This month’s prompt comes from The Practice of Poetry: Writing Exercises from Poets Who Teach, edited by Robin Behn and Chase Twichell. The idea is to write a poem in which we build and/or take apart something for our reader. I tried this several ways and am going to include two attempts here.
Building the Backyard
Liz Garton Scanlon
The backyard isn’t made of
lawn or lounge chair
so much as property line,
fence post and picket –
a frame with the power
to make the picture
to shape the soil and sod
to direct the sprinklers
to contain the thistles
hackberry and dandelions,
to determine where
the swing set should sit,
where there might be
a slice of shade
over the kiddie pool,
where a patch of grass
gone brown remains
once the pool is drained
once the dog’s tracked in the mud
once the babies have outgrown
the pool, the fence
the frame, leaving
behind the bed and block
of childhood
Deconstructing a Mushroom
Liz Garton Scanlon
It is the cap I notice,
round and rusty red,
like a driving cap
my grandfather
might’ve worn
And tucked beneath it,
these papery gills,
that strong stem,
this ring and cup,
pushed open
as an Elizabethan collar
by the rusty-red cap
by the strong stem built atop
mycelium, the threads of family
Go here to read the others:
Tricia
Tanita
Mary Lee
Laura
And thanks to Carol Varsalona for hosting Poetry Friday this week!

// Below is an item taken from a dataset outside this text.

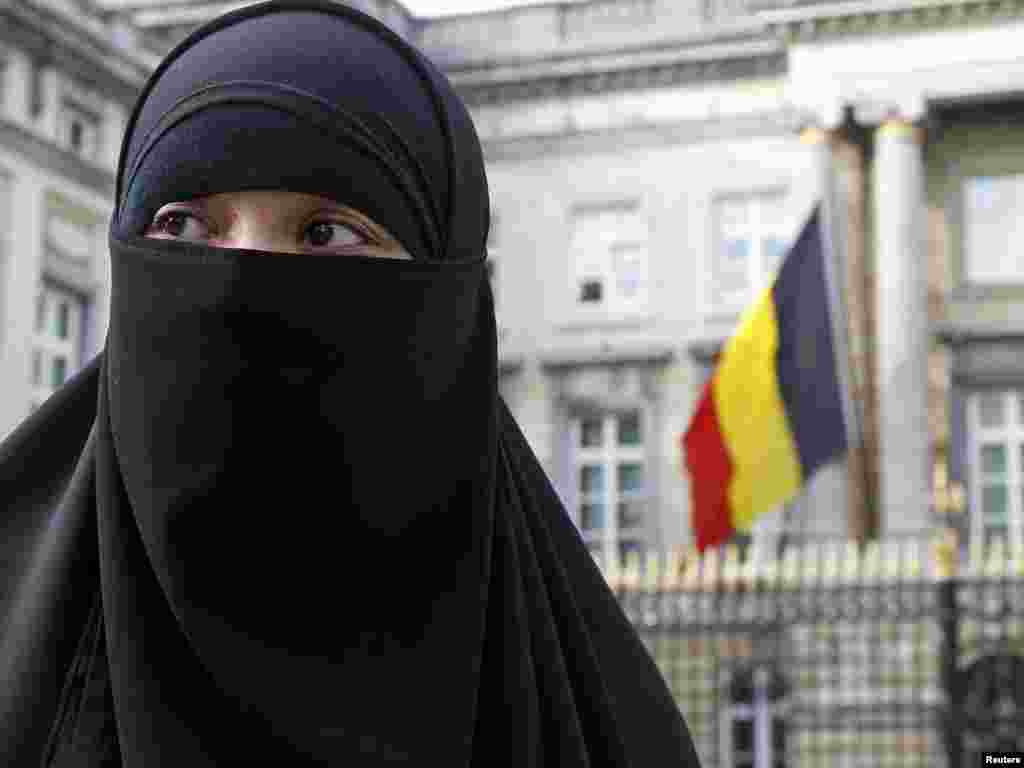 У Бэльгіі хочуць забараніць паранджу ў грамадзкіх месцах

Ooh, interesting approaches, Liz. I especially love the sense of passing time in your Backyard one…
Oh, you’re left with the outline of a childhood, once the backyard is… no longer anything but a fence. That is bittersweet…
I love that Elizabethan collar that the mushroom wears! I am so impressed that you managed to create two poems with such unique ways of looking at building and bits of things.

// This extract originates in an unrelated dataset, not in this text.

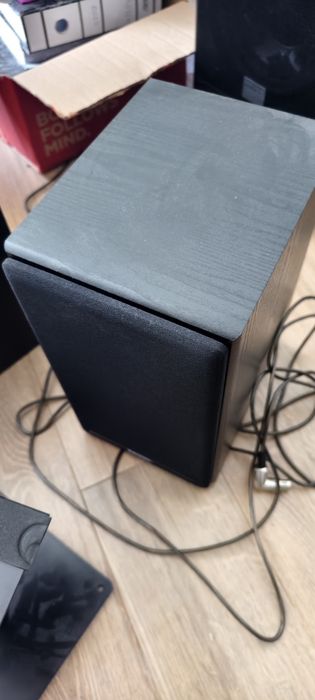 2.1 Colunas Activas e Subwoofer: Edifier r2750db + Mivoc Hype 10g2 + Suportes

Both wonderful deconstructions, and so different from each other! I love how you tied your grandfather’s cap and an Elizabethan collar together with the threads of family. So much to pull out of that little mushroom, Liz!

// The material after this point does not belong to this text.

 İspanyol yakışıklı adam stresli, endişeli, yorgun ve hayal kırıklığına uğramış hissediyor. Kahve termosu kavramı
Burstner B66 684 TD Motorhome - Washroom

You gave life to that backyard — life and memories.
Liz, powm about building the backyard is filled with so many thoughts, reaching into the past. Both poems are reflective.
I love how you wrote about both the natural history and the human history of the backyard. The ending was a surprise, as was the surprise that you ended both poems with family!
How beautiful to include the threads of family in both poems. I especially related to the backyard. Thank you!
Since I’ve moved, my own backyard doesn’t have those memories, but your own poem brought me to my own memories of the past where my children grew up, Liz. I love “a frame with the power/to make the picture”, will look at fences I see in a different way now. The extraordinary look at a mushroom, too, shows me what I’ve been missing, especially the “the threads of family” – sewing it all together! Both are wonderful poems!
Thanks Liz, for these two powerful, sensitive poems about family and the deep roots they both share!
Two reflections…first, “frame that has the power to” is a really lovely and vital phrase in the first poem. It’s such an interesting way of description. Also, I lived in a country where the idea of “yard” or, “garden” wasn’t a thing. This poem reminded me of things that were needed to describe what a “yard” is.
So many lovely images! I really love the slice of shade.
Oh, that backyard that was once the bed and block of childhood — I’m feeling all the “my kids have grown” feels.
And the imagery in the second one that leads into the metaphor of family. So lovely, Liz.